La gente la insultó al oírla. George tuvo el impulso de echarse atrás y admitir que se había equivocado, que era un error. Pero era demasiado tarde. Le acusarían de estar embrujado y le quemarían junto a Inés. Así que inspiró profundo y prendió la hoguera.
Las llamas se alzaron con rapidez por los troncos y las ramas mientras se extendían hacia los pies descalzos de la mujer. Ella no rogó, no lloró. Mantuvo la mirada rencorosa fija en George hasta que el fuego la alcanzó; entonces gritó. Al oírla, la culpa le estranguló, dejándole sin aliento.

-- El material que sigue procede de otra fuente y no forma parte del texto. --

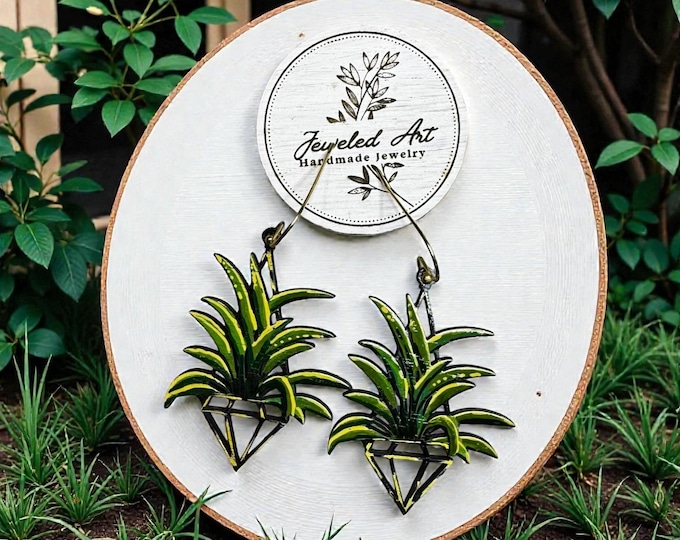 Hanging Plant Wood Earrings – Geometric Planter Botanical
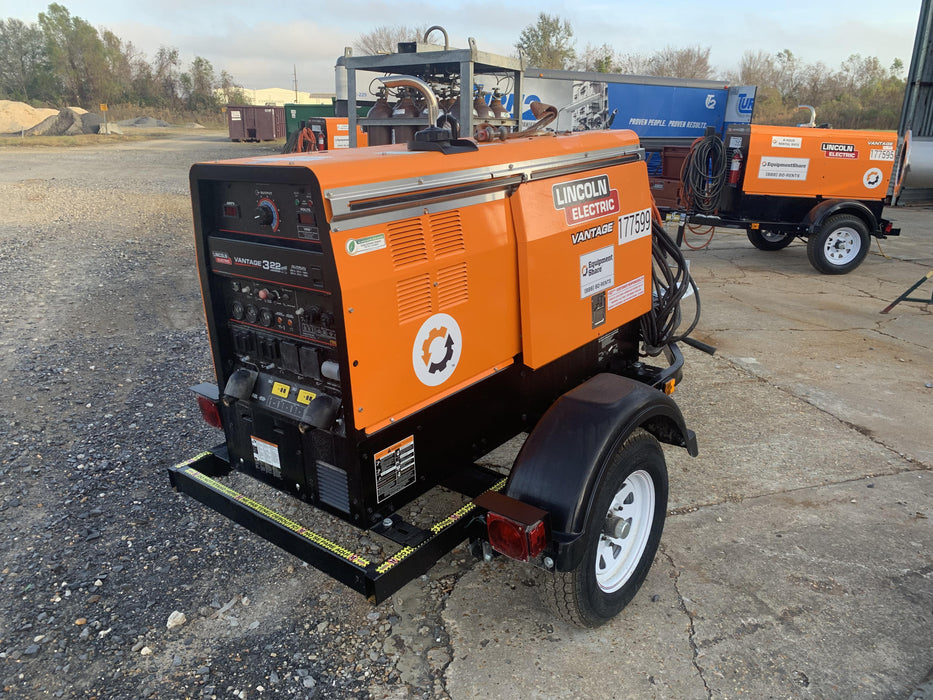 2021 Lincoln Electric Vantage 322 Vantage 322 Ready Pak 3 w/ Decals, ORANGE (includes trailer, cable rack, fender light kit) NO Telematics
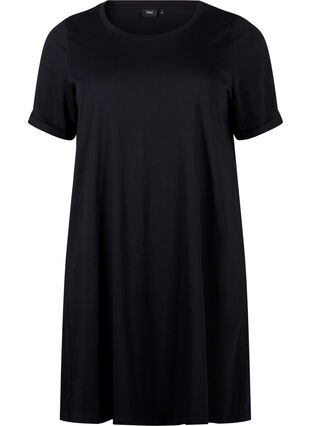 Zizzi T-shirtklänning i bomull, Black, Packshot image number 0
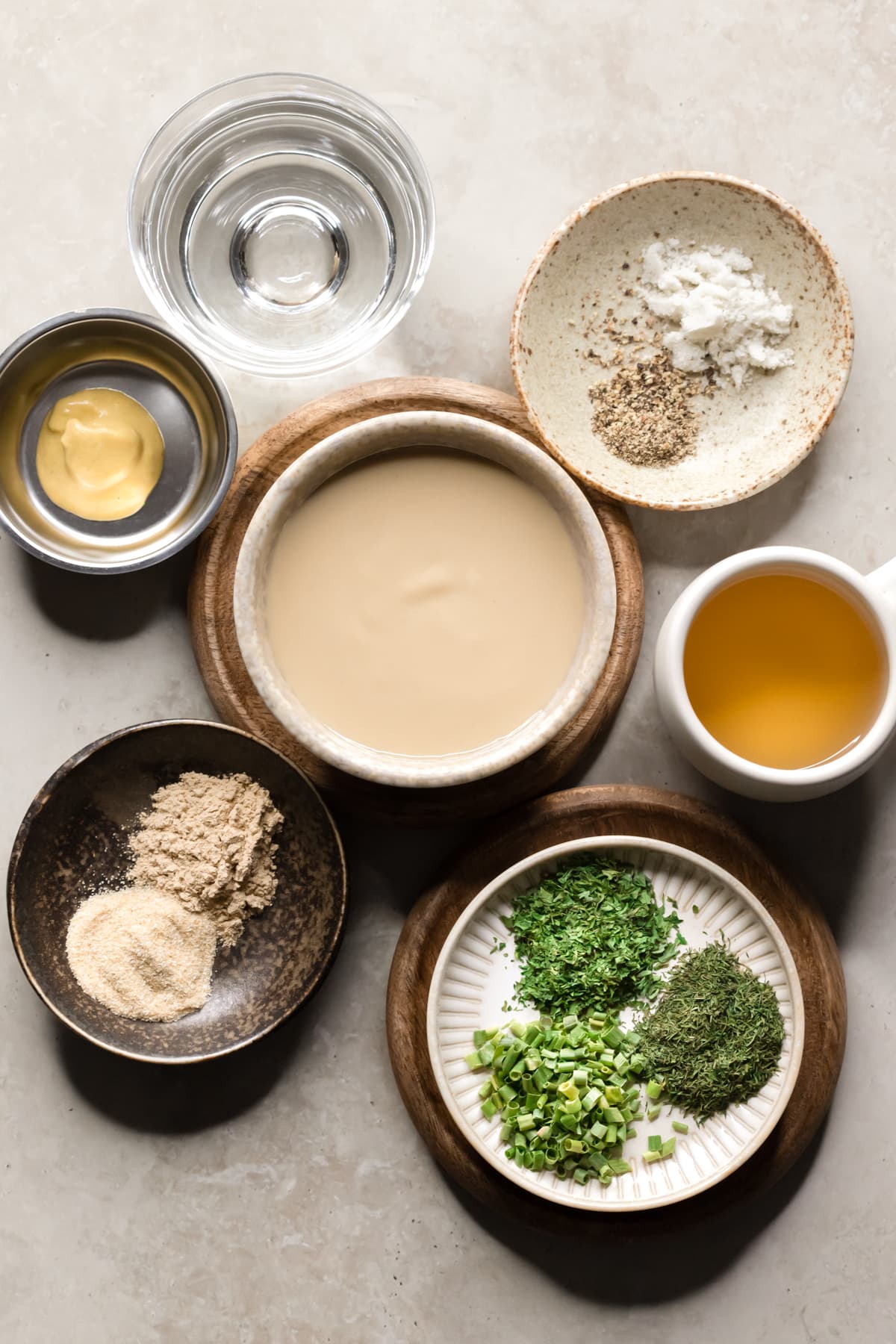 Ingredients for creamy vegan tahini ranch dressing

Ella estaba tan maldita como él, no eran diferentes, y en un arrebato de cólera la mandó a su prematura muerte. Solo podía gemir para sus adentros: «¿Qué he hecho?», una y otra vez. Era un monstruo, similar a los que había jurado combatir. Quizá no lo pensaría así si ese fuera el final de su historia, la única vida que tendría para confiar en sus convicciones ideológicas, pero sabía que existían cosas superiores a las brujas y la religión, y que, a diferencia de los demás, él tendría que enfrentar las consecuencias de sus acciones en la próxima vida.
Se encorvó y vomitó, mientras los chillidos de Inés se elevaban por encima del júbilo de la gente, hasta que por fin cesaron, reemplazados por la crepitación de los troncos que ardieron hasta el anochecer.